------ Dataset entries

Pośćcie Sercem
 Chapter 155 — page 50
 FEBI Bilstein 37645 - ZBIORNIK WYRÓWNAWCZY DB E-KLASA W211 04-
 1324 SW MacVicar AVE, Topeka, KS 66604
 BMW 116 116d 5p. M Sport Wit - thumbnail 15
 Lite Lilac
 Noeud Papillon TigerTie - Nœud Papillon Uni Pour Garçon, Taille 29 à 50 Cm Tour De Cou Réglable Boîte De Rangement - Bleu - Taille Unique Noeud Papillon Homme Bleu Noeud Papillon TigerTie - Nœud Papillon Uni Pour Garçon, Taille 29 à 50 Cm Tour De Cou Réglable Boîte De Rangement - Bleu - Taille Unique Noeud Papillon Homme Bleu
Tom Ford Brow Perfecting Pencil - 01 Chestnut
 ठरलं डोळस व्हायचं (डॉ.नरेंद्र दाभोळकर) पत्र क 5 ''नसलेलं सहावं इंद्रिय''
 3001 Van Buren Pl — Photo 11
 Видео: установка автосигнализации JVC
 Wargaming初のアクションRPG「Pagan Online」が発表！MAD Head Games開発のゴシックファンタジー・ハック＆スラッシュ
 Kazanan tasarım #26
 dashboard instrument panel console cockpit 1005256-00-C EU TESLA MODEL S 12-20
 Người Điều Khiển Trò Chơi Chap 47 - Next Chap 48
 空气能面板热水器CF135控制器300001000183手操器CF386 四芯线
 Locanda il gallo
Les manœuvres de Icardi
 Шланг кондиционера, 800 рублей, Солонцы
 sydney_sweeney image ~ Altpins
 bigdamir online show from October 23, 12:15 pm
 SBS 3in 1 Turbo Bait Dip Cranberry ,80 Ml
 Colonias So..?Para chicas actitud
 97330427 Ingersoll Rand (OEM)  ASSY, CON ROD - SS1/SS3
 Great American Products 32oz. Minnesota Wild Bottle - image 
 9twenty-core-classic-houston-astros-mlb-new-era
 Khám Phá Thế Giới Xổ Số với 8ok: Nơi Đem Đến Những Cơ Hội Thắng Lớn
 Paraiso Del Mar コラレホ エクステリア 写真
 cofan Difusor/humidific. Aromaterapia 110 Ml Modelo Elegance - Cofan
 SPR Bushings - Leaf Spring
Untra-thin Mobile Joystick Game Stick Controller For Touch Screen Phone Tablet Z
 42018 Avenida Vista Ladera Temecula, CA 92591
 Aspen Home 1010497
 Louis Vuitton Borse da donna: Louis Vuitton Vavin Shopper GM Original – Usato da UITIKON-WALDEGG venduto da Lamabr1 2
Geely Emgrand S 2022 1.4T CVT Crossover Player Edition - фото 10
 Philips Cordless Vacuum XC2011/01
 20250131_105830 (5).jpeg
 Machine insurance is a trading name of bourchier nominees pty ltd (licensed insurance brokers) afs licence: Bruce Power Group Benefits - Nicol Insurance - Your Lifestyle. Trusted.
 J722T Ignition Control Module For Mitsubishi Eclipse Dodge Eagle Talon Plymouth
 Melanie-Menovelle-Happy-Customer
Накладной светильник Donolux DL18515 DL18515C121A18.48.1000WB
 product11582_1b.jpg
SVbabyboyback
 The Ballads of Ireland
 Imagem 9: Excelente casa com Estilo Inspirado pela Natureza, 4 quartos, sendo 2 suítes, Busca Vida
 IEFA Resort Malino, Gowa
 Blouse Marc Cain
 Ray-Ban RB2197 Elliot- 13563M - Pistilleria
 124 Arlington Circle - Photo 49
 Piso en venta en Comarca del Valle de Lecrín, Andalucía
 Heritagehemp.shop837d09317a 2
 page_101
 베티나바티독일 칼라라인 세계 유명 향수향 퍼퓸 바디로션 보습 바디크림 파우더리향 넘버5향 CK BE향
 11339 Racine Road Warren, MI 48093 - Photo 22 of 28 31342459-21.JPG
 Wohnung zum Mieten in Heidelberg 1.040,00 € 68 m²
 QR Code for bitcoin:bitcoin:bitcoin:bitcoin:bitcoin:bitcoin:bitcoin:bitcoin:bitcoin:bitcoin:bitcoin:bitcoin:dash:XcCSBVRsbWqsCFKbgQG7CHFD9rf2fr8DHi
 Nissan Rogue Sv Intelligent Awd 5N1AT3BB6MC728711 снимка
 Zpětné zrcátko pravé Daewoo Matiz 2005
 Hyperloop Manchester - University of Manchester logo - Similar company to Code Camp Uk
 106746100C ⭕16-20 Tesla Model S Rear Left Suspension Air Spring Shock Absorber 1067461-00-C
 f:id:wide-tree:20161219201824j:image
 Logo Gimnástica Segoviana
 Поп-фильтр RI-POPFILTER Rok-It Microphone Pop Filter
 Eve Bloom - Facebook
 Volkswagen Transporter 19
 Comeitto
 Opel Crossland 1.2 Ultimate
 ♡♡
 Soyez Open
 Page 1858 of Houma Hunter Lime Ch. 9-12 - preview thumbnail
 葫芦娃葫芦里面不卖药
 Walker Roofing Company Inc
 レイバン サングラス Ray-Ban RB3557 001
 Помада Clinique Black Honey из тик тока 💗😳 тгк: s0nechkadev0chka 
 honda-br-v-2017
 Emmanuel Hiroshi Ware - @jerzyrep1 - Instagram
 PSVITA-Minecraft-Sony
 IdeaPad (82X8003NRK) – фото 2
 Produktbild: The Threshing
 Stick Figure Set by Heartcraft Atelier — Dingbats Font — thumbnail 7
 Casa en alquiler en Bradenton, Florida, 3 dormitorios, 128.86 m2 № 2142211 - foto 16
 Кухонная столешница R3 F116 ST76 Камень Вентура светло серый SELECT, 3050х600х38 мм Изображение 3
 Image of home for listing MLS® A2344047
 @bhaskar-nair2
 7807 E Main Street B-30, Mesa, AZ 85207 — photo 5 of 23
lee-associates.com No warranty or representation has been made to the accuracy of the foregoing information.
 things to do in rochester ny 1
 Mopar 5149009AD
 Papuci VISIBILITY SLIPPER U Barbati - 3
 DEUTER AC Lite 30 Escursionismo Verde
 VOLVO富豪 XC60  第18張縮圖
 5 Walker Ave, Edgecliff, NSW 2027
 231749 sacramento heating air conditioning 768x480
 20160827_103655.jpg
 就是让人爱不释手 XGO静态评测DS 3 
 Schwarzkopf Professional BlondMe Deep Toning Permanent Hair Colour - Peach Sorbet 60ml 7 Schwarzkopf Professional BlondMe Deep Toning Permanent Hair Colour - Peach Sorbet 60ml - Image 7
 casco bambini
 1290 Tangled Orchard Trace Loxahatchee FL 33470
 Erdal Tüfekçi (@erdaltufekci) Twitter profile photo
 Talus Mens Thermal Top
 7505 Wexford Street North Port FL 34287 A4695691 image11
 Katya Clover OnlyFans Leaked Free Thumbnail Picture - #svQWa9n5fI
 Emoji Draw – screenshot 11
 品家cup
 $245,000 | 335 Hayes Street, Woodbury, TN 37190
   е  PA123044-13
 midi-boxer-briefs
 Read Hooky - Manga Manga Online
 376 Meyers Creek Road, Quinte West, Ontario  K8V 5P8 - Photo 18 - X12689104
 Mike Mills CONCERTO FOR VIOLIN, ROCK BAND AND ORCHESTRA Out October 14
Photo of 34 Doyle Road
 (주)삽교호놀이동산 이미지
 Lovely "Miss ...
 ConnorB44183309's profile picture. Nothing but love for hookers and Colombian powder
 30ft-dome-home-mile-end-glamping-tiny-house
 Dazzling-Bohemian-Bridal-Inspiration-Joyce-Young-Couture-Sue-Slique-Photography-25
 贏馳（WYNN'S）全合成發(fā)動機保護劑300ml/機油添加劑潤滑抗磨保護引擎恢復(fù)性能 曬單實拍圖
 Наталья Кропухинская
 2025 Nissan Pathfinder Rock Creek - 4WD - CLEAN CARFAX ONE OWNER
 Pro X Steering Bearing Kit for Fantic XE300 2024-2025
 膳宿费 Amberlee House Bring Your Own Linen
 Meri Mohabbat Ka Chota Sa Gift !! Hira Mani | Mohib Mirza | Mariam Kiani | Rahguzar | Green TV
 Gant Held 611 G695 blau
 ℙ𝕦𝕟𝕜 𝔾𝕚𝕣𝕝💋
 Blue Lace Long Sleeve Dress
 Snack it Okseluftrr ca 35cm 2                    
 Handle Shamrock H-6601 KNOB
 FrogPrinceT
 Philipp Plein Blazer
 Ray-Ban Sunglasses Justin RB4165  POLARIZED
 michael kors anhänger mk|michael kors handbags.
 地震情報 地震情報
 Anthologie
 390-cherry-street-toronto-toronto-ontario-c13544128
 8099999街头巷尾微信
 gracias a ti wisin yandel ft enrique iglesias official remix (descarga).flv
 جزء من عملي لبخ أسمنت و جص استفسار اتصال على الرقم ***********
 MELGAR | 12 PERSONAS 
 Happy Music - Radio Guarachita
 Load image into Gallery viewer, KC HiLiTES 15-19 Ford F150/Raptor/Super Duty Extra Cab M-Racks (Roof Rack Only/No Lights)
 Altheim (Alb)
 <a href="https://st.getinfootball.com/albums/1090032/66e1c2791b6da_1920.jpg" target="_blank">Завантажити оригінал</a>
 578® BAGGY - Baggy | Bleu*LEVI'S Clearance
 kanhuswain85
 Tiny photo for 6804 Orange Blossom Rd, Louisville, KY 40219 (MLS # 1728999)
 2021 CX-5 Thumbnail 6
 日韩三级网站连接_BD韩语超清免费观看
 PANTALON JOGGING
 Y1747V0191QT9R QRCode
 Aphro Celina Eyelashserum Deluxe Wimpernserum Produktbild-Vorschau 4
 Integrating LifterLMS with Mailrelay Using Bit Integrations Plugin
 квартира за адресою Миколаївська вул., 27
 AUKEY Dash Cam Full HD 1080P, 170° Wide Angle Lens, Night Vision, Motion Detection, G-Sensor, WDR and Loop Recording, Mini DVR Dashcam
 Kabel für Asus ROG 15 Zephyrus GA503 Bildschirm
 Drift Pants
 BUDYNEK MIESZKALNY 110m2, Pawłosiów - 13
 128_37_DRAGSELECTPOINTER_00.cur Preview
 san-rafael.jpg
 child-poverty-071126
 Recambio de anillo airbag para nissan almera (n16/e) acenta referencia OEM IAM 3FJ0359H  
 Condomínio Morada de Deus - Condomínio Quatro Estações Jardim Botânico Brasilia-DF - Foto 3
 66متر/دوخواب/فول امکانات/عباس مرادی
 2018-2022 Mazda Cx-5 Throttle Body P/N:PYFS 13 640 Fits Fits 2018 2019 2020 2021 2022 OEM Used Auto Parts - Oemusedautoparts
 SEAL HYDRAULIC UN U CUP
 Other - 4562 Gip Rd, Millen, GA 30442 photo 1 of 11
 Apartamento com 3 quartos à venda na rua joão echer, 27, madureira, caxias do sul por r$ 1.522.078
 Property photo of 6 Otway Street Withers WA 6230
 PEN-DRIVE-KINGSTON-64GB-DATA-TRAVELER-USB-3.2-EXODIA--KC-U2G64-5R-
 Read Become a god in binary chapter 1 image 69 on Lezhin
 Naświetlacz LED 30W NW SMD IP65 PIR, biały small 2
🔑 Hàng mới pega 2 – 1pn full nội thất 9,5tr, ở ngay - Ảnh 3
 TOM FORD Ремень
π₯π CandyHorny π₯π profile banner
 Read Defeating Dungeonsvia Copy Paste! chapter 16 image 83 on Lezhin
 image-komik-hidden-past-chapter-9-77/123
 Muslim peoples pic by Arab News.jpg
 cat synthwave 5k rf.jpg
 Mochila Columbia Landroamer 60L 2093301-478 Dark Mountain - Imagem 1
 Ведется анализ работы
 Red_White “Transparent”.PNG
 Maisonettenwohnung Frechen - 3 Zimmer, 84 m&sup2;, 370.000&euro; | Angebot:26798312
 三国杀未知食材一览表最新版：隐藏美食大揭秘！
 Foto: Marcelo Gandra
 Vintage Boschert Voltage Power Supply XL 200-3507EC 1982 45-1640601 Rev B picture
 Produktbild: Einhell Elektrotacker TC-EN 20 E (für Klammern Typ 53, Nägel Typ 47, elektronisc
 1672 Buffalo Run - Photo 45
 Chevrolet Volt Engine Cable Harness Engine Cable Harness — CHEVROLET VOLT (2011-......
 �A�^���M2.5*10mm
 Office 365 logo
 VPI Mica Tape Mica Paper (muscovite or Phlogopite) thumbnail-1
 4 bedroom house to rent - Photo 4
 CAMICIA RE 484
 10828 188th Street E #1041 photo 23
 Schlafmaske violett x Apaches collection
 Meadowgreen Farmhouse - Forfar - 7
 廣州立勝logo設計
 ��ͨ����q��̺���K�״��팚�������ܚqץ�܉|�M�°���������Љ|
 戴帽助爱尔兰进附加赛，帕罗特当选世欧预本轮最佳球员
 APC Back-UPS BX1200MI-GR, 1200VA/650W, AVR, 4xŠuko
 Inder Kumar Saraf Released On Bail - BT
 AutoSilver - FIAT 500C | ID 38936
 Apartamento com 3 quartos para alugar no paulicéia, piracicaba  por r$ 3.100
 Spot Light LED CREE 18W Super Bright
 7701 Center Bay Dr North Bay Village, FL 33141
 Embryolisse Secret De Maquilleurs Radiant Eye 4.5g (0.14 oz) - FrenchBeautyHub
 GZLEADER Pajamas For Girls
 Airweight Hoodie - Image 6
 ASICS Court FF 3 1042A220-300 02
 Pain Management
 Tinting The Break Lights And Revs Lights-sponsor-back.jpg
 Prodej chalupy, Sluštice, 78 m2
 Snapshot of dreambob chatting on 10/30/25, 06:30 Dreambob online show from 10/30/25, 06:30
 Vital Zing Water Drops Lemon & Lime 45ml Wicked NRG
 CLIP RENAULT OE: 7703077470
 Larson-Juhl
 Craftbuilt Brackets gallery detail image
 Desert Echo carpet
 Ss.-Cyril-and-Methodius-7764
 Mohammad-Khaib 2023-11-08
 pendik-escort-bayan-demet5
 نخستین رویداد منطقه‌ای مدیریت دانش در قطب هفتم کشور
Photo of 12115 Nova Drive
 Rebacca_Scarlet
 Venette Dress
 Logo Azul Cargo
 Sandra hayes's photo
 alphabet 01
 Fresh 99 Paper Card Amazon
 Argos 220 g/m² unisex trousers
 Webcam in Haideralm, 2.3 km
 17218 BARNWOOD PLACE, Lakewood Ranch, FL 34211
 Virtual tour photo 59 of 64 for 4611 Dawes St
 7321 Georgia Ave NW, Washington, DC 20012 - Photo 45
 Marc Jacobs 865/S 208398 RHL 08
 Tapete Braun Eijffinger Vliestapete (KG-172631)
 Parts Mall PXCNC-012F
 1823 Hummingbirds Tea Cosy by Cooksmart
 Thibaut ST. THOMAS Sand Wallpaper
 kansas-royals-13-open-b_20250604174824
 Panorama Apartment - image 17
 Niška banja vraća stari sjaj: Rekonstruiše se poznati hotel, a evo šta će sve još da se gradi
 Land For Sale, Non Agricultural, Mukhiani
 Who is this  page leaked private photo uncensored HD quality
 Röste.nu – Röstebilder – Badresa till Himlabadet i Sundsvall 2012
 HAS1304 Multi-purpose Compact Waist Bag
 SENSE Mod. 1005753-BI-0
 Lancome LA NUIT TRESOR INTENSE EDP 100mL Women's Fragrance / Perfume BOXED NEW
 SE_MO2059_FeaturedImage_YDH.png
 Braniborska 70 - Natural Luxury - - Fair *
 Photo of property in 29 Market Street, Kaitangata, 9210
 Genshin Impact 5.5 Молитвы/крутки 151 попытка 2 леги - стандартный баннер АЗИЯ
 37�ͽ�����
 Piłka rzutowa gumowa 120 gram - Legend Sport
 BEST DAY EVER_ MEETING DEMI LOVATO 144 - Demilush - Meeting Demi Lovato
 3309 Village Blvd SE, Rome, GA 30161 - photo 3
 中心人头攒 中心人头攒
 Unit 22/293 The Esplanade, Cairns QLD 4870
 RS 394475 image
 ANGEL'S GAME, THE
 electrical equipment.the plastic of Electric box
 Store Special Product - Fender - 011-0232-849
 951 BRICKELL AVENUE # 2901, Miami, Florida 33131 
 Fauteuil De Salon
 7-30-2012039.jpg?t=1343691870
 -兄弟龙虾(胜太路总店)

------------

▸ **Work required**:
Print exactly the lines of the listing above starting at the line containing "Naświetlacz LED 30W" and ending at the line containing "Airweight Hoodie - Image 6", both included.

▸ **Exercise output**:
 Naświetlacz LED 30W NW SMD IP65 PIR, biały small 2
🔑 Hàng mới pega 2 – 1pn full nội thất 9,5tr, ở ngay - Ảnh 3
 TOM FORD Ремень
π₯π CandyHorny π₯π profile banner
 Read Defeating Dungeonsvia Copy Paste! chapter 16 image 83 on Lezhin
 image-komik-hidden-past-chapter-9-77/123
 Muslim peoples pic by Arab News.jpg
 cat synthwave 5k rf.jpg
 Mochila Columbia Landroamer 60L 2093301-478 Dark Mountain - Imagem 1
 Ведется анализ работы
 Red_White “Transparent”.PNG
 Maisonettenwohnung Frechen - 3 Zimmer, 84 m&sup2;, 370.000&euro; | Angebot:26798312
 三国杀未知食材一览表最新版：隐藏美食大揭秘！
 Foto: Marcelo Gandra
 Vintage Boschert Voltage Power Supply XL 200-3507EC 1982 45-1640601 Rev B picture
 Produktbild: Einhell Elektrotacker TC-EN 20 E (für Klammern Typ 53, Nägel Typ 47, elektronisc
 1672 Buffalo Run - Photo 45
 Chevrolet Volt Engine Cable Harness Engine Cable Harness — CHEVROLET VOLT (2011-......
 �A�^���M2.5*10mm
 Office 365 logo
 VPI Mica Tape Mica Paper (muscovite or Phlogopite) thumbnail-1
 4 bedroom house to rent - Photo 4
 CAMICIA RE 484
 10828 188th Street E #1041 photo 23
 Schlafmaske violett x Apaches collection
 Meadowgreen Farmhouse - Forfar - 7
 廣州立勝logo設計
 ��ͨ����q��̺���K�״��팚�������ܚqץ�܉|�M�°���������Љ|
 戴帽助爱尔兰进附加赛，帕罗特当选世欧预本轮最佳球员
 APC Back-UPS BX1200MI-GR, 1200VA/650W, AVR, 4xŠuko
 Inder Kumar Saraf Released On Bail - BT
 AutoSilver - FIAT 500C | ID 38936
 Apartamento com 3 quartos para alugar no paulicéia, piracicaba  por r$ 3.100
 Spot Light LED CREE 18W Super Bright
 7701 Center Bay Dr North Bay Village, FL 33141
 Embryolisse Secret De Maquilleurs Radiant Eye 4.5g (0.14 oz) - FrenchBeautyHub
 GZLEADER Pajamas For Girls
 Airweight Hoodie - Image 6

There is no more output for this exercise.